Standard Pacific Corp. (NYSE:SPF) and The Ryland Group Inc. (NYSE:RYL) approved a merger Thursday, creating the fourth-largest U.S. homebuilding company, worth $5.2 billion. Larry Nicholson, president and chief executive of the new company, who was previously the CEO of Ryland, spoke with International Business Times about the future of CalAtlantic Group, the continuing U.S. housing recovery and how the Federal Reserve’s inevitable interest rate hike will affect the homebuilding business.

Both companies have nearly 100 years of homebuilding experience between them, and the combined company will be named CalAtlantic Group Inc.

The overall group will be traded on the New York Stock Exchange under the symbol CAA, and its divisions will be marketed as CalAtlantic Homes, CalAtlantic Mortgage, CalAtlantic Title and CalAtlantic Insurance. The company will own or control approximately 74,000 homesites.

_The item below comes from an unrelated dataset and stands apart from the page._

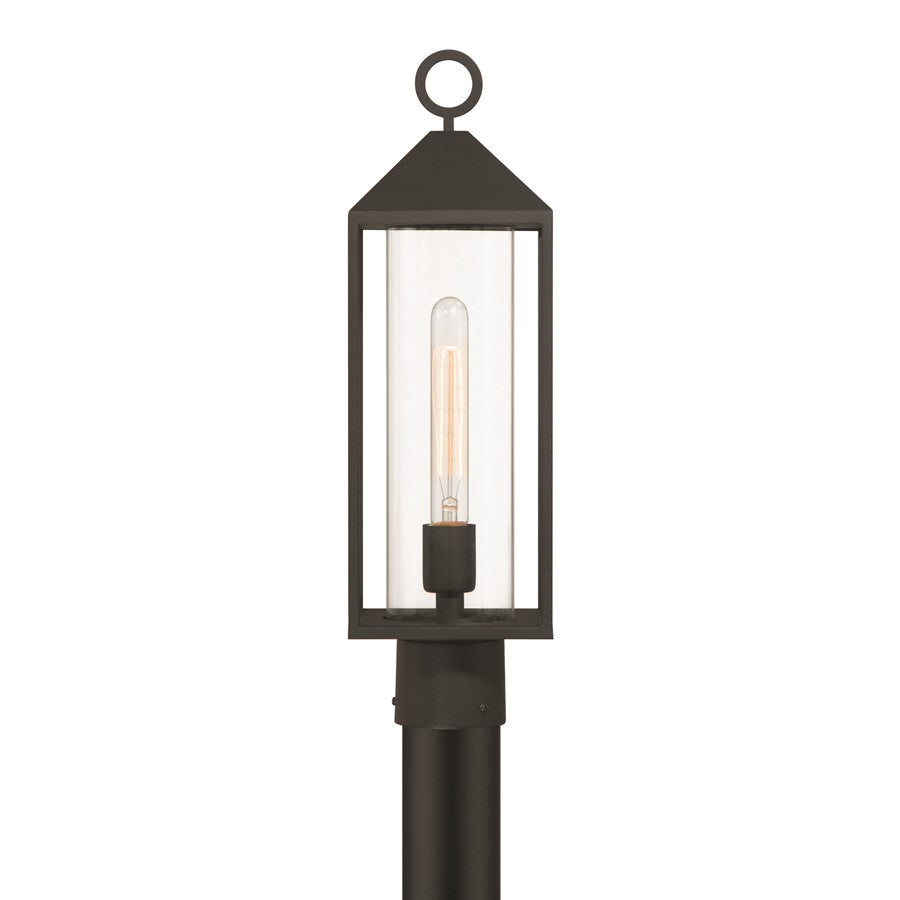 Artcraft Portside 1 Light Outdoor Post Light, Black/Clear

housing A "for sale" sign sits in the front yard of a townhouse in northeast Washington, D.C. Photo: Drew Angerer/Getty Images

International Business Times: It took just under 120 days to get the merger of Standard Pacific and The Ryland Group closed. How do you feel?

Nicholson: It’s a monumental day. Its two great companies coming together, which makes one really tremendous company. Our employees are excited. Our shareholders are excited. We feel very confident about where we are today and the beginning of a new legacy with CalAtlantic Group.

IBT: What stood out most about Standard Pacific, and why was it a good fit for a merger?

Nicholson: You have two companies that had extremely strong balance sheets that serviced different parts of the country and different buyer segments. To a degree, there was really no overlap because we only had nine markets out of 26 that overlapped. We saw a huge opportunity to jump-start our growth with no drag on the company. 

IBT: What’s next on the horizon for the combined company?

Nicholson: In the short term, we’ve got integration to work on, and that will take us about six to nine months to finish. At that point, we’ll continue to explore opportunities, whether that’s through mergers and acquisitions or new markets as we have both individually done in the past to grow our market share. 

house New townhouses are under construction in Northeast Washington, June 23, 2015. Photo: Drew Angerer/Getty Images

IBT: Historically, the U.S. housing market has led the recovery following a recession. However, following the Great Recession, the improvement in the U.S. economy has been lackluster compared with prior recoveries. What’s your outlook on the housing market moving forward? 

Nicholson: Short-term, I would say we’re in the early innings and that we have a long way to go. Historically, 1 million single-family permits was the norm, and we’re at about 530 thousand this year at an annual run rate. So we think we have a long runway in front of us. When we saw where the company was in the cycle, we knew putting these two together could maximize our growth for the next four or five years as the market continues to improve.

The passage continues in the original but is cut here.